I'm also trying to jockey a test run of an Arc SE 4200 to compare and contrast the sound on the same mid bass speakers versus my 2.9 right now.

I do know an Audison dealer that is trying to get rid of a spare 1.1K...


----------



## Allan74 (Jun 17, 2010)

Hoot said:


> ....If you still, then, want to spend $ on car audio, buy yourself a killer processor with the money from your sales.


No one wants my crap....lol

I actually already have a BitOne that I am considering putting to use, unless I decide to spring for a Stage4 Pioneer CD Head Unit....
(or Japanese eqivilant).

I have enough equipment right now, I just have to decide what I want to do with it all. It seemed for a while that my hobby was actually
shopping for car audio, rather than enjoying it....lol....and needless to say, I got carried away, as I changed my mind daily/weekly.

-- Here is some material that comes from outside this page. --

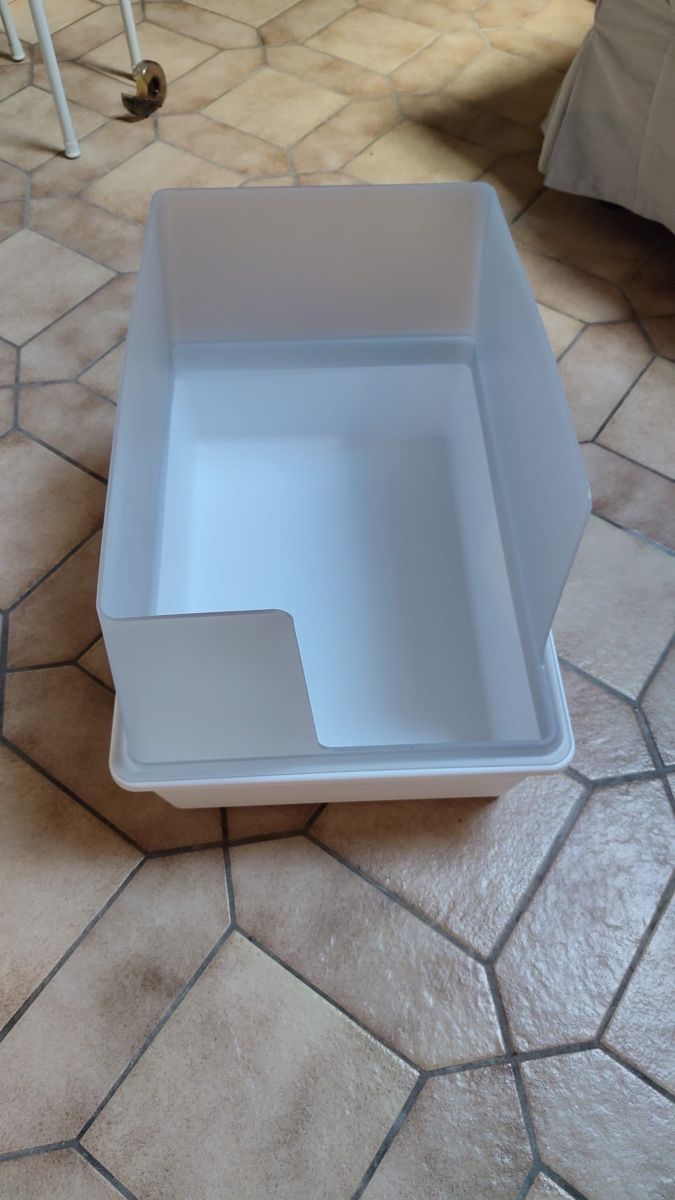 Sonstige Dekorationen & Accessoires: Cubby Litter Box / Litière pour cat – Neu (gemäss Beschreibung) aus Villars-le-Terroir von sim_67xw 2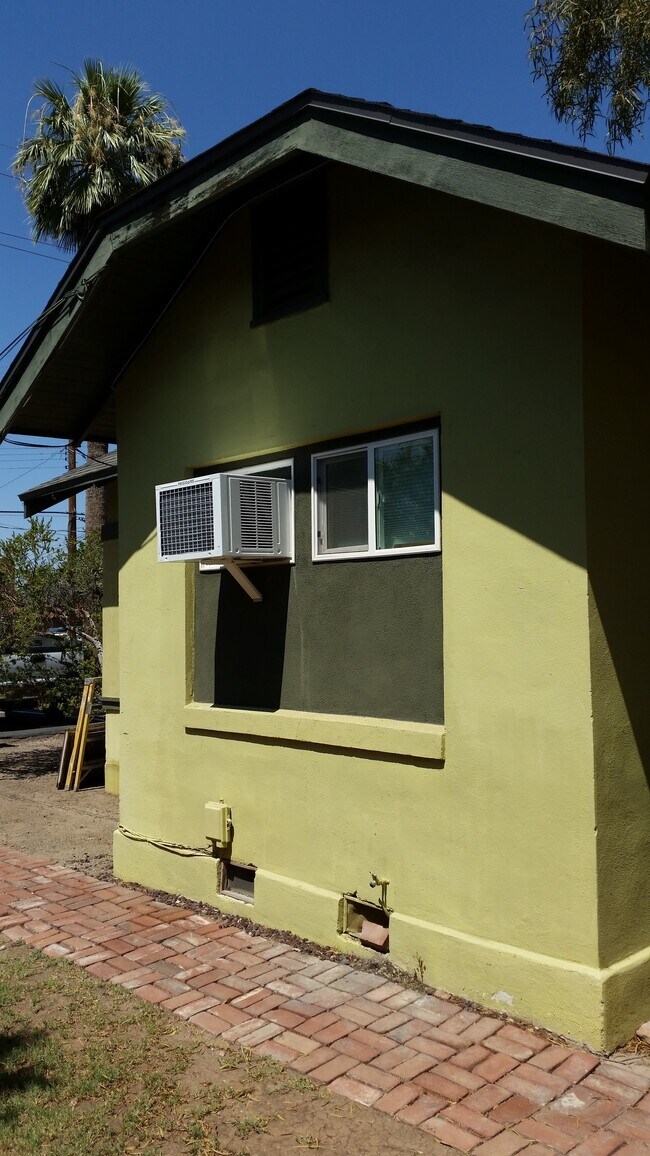 Photo - 312 W Lynwood St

*As far as Speakers/Power/Processing Ready to go, I have:*

(1) Audison BitOne.1
(1) Audison LRx5.1k
(1) Audison LRx2.9
(1) Audison SRx4
(2) Audison SRx2s

(1) AudioControl DQS w/DDC
(1) AudioControl 2XS
(1) AudioControl 4XS

(1 set) Hertz MLK3 Components
(1 set) Hertz MLK2 Components
(1 set) Hertz MLK165 Components
(1 set) Hertz HSK165 Components
(1 set) Hertz ML3000 12" Sub
_(soon to add an additional pair of 8's so that I can crossover my 12" down LOW)_

......and no SOLID PLAN for what I want to do with any of it yet. This doesn't even include my head unit collection, partially still in transit.....hehe
*I just keep entertaining the idea that whatever doesn't go into my Skyline GTR will go into my SUV....so no waste.*

I have tried selling, but no one seems to want what I have to offer, so I will just put it all to use, rather than give it away by selling it all cheap.

*I made the mistake of starting out with 'compromising' equipment choices* at first, then replacing items with what I really wanted to begin with.

The ONLY thing I have not changed my mind about, is my single ML3000 subwoofer setup.....every other area has been upgraded atleast once.

My biggest worry is, I only get 1 shot to do this.....and I don't want to regret anything once it's all installed, hence the saga-like constant threads and questions from me. Indecision is a killer....


----------



## Hoot (Jan 18, 2008)

Honestly, 5 amps? If you want to run 3-way with the 8" midbasses, just keep the LRx amps and call it a day. Put the amps up on ebay; even if you don't get entirely the coin you want for them, you'll get something, and save yourself both time and money on the install.


----------



## Allan74 (Jun 17, 2010)

Hoot said:


> Honestly, 5 amps? If you want to run 3-way with the 8" midbasses, just keep the LRx amps and call it a day.


Actually, it's more like; 3-way front stage (MLK3), 2-way rears (MLK2), pair of 8's in the rear deck that run up to about 120hz, then the single 12 ( ML3000) that runs up to 50hz......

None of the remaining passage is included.